Siamo nel 1977, nel cuore degli anni di piombo, verso la sera, forse, di un complesso e mai fino in fondo compreso periodo della nostra storia. Ludovico Bruschi è un professore universitario in pensione, comunista, ateo ma profondamente legato a principi borghesi. Un personaggio dunque che si porta addosso le inevitabili contraddizioni della vita. Contraddizioni messe ancora più in evidenza dalla signorile eleganza della sua casa, un bel villino ai Parioli. Al suo fianco la domestica Elvira verso la quale Ludovico ha un atteggiamento che è insieme protettivo e paternalista. Tutto scorre in una quotidianità regolare e un po’ monotona fino a quando Oliviero, figlio di Ludovico, arriva a interrompere la placida vita del padre. Oliviero è un hippy, con tutti gli stereotipi del caso, tra inconcludenza e confusione. Ed essendosi appena separato da Stella, chiede a Ludovico di occuparsi della figlia, per un po’.
Si capisce subito che la bambina verrà ad assumere un ruolo fondamentale nella vita del professore, seppure a fatica e con non pochi problemi. La piccolina si porta addosso lo stile di vita dei genitori, a partire dal nome, Mescalina, e dal soprannome, Papere. Al plurale perché la ragazzina è convinta di avere un doppio con cui gioca, parla e, forse, cerca di superare una profonda solitudine e disagio. In breve tempo il rapporto di tra nonno e nipotina diviene una delle cose più belle della vita di entrambi, l’uno vivificato dalla pensosa vivacità della ragazzina a sua volta rassicurata dalla vita sana e regolare che il nonno sa offrirle.
Ma anche questa volta qualcosa arriva a scompaginare le carte. Si tratta proprio di Stella, giovane aggressiva, comunista più per moda che per convinzione. E tra i due nasce immediatamente il più classico dei conflitti culturali e generazionali. Ma nasce anche un sentimento inespresso, sul filo del “non si può”. Ma proprio per questo ancora più complesso.
Quello che accade in quell’anno noi spettatori lo sappiamo ovviamente dal film anche se, dal punto di vista della storia, è lo stesso Ludovico a raccontarlo alla nipotina con una lettera che lei leggerà anni dopo, quando il nonno non c’è più.
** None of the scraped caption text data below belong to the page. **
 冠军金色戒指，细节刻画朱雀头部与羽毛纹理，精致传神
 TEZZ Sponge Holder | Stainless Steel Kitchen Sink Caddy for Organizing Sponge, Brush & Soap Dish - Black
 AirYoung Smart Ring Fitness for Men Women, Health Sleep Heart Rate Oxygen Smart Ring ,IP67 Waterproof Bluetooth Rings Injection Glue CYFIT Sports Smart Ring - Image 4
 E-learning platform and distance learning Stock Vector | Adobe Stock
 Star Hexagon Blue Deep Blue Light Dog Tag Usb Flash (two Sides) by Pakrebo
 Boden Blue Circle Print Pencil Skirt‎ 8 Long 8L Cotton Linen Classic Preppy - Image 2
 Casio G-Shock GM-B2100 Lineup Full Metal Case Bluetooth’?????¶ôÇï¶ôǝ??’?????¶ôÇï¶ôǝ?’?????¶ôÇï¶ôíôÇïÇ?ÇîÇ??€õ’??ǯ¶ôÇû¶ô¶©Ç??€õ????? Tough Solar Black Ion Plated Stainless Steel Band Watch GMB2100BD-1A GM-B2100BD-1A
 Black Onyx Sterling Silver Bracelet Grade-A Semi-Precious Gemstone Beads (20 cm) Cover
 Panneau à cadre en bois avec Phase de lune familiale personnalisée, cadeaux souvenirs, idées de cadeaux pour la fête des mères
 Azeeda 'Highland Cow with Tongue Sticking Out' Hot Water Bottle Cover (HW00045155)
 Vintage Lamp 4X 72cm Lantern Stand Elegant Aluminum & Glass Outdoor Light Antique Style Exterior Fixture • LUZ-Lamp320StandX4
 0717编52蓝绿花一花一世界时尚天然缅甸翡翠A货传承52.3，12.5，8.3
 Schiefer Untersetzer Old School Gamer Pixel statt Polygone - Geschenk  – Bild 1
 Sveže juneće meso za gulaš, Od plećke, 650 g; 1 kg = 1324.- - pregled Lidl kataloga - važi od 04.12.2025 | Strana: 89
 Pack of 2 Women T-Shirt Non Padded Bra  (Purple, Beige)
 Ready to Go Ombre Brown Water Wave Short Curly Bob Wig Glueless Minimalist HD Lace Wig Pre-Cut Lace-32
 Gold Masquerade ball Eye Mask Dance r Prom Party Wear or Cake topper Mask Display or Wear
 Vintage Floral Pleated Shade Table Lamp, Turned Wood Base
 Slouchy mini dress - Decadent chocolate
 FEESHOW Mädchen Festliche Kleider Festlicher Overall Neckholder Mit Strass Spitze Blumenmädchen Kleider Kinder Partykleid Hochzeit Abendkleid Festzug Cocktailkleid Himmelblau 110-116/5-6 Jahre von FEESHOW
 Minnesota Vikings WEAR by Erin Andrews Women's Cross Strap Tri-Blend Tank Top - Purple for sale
Verso sera non è sicuramente uno dei film più belli di Mastroianni ma ha non pochi elementi notevoli. Soprattutto nella mimica e nella gestualità dello stesso Mastroianni, capace di eleganza e sottilissima ironia. Che rendono il personaggio funzionale ad un messaggio importante sempre, forse ancor più negli anni in cui la storia si svolge: gli stereotipi sono di carta velina se ci si guarda e ci si ascolta al di fuori dei recinti dagli stessi stereotipi creati.
Un film che non pochi momenti di delicata grazia, come in alcune scene tra nonno e nipotina, ma anche di tagliente malinconia come nelle sequenze finali, con la voce fuori campo del professore e le stanze della sua casa vuote della sua presenza.
Nel complesso però è un film che, a volte capita, si regge per la maggior parte del tempo, su la prova d’attore di un immenso Mastroianni. La pecca maggiore di questa pellicola è forse quella di essere troppo parlata e di basarsi, in modo sproporzionato, sui momenti di una drammaturgia troppo spiegata, schematica e didascalica. Ma, chissà se sempre per merito di Mastroianni, riesce ad evitare una generale sensazione di pedanteria.